▽

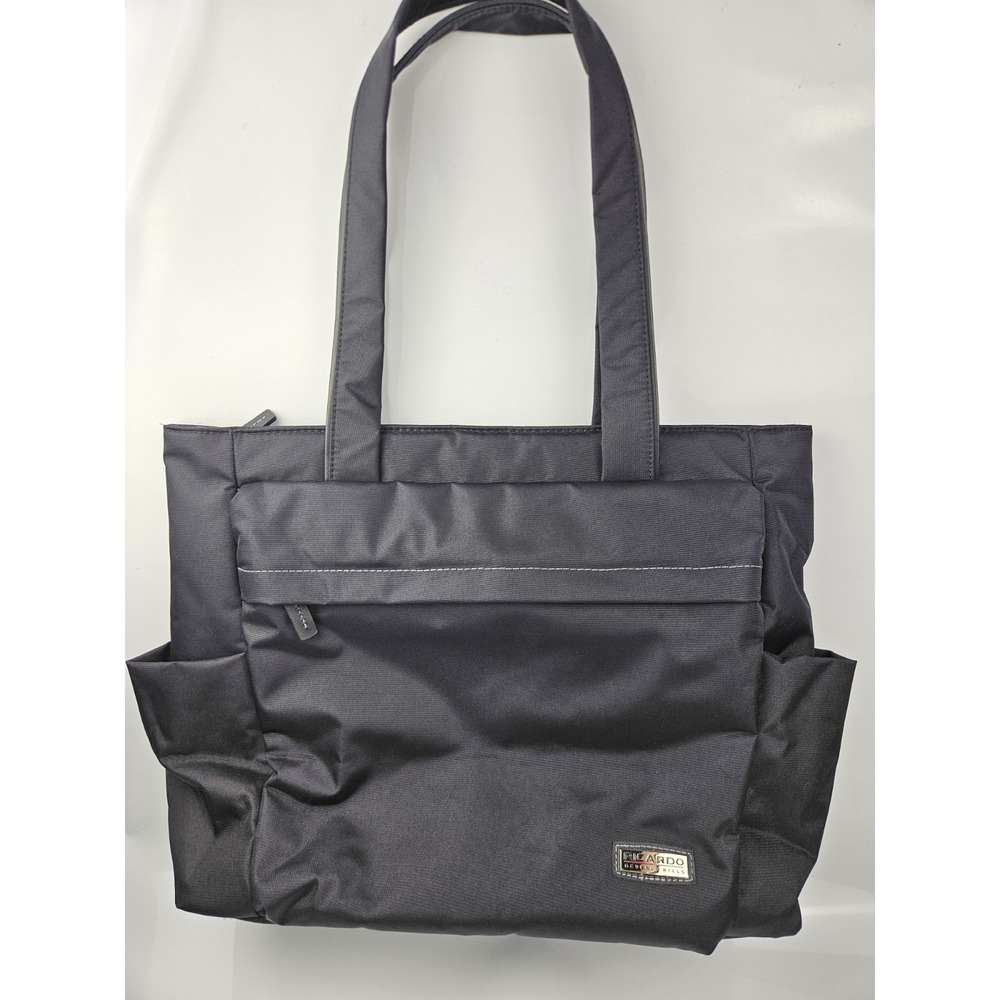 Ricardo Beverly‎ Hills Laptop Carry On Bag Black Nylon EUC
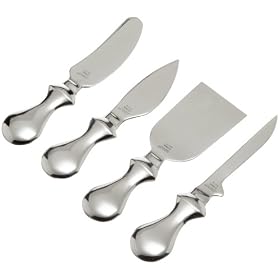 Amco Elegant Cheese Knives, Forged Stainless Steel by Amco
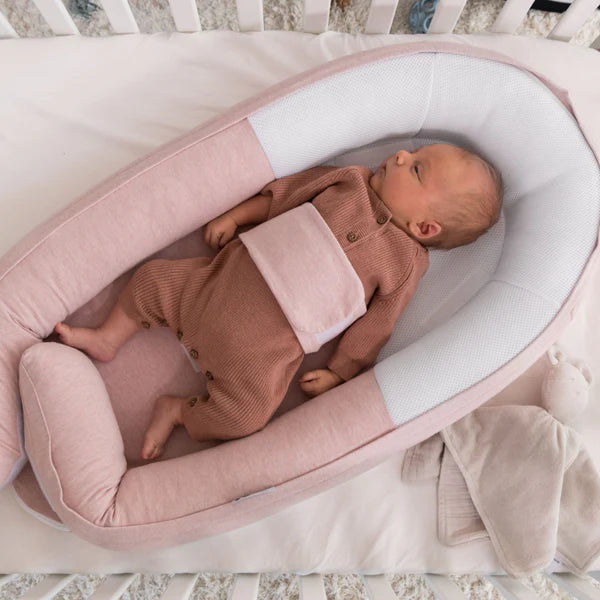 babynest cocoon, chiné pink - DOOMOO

△

§ **Your goal**: Every line from the one with "Amco Elegant Cheese" through the end of the material above should be restated word for word, with the pictures left out.

§ **Exercise result**:
 Amco Elegant Cheese Knives, Forged Stainless Steel by Amco
 babynest cocoon, chiné pink - DOOMOO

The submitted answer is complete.